═══ Data shown

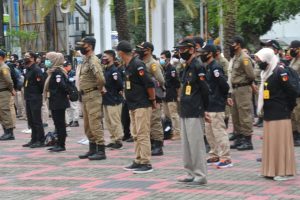 Apel Gabungan penertiban APK di halaman Pemko Banjarmasin. (fb diskominfotik banjarmasin)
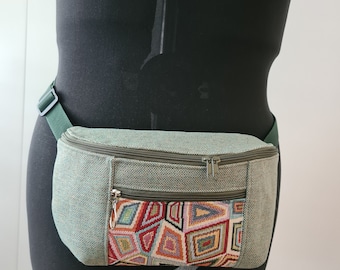 Custom-made fanny pack • Hand-sewn • Many fabrics & colors available • Fanny pack with inner and outer pockets • Adjustable strap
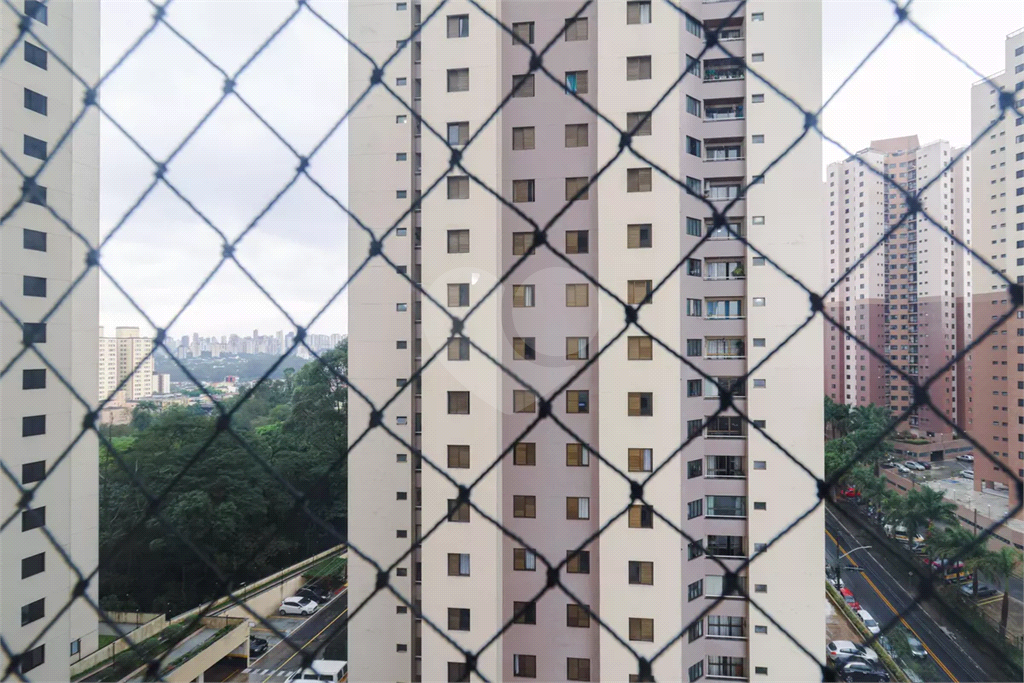 Apartamento a venda com 2 dormitórios em Taboão da Serra.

══════

**Task objective:** Make an exact copy of the lines from the top of the material through the line with "Custom-made fanny pack", pictures excluded.

**Answer box:**
 Apel Gabungan penertiban APK di halaman Pemko Banjarmasin. (fb diskominfotik banjarmasin)
 Custom-made fanny pack • Hand-sewn • Many fabrics & colors available • Fanny pack with inner and outer pockets • Adjustable strap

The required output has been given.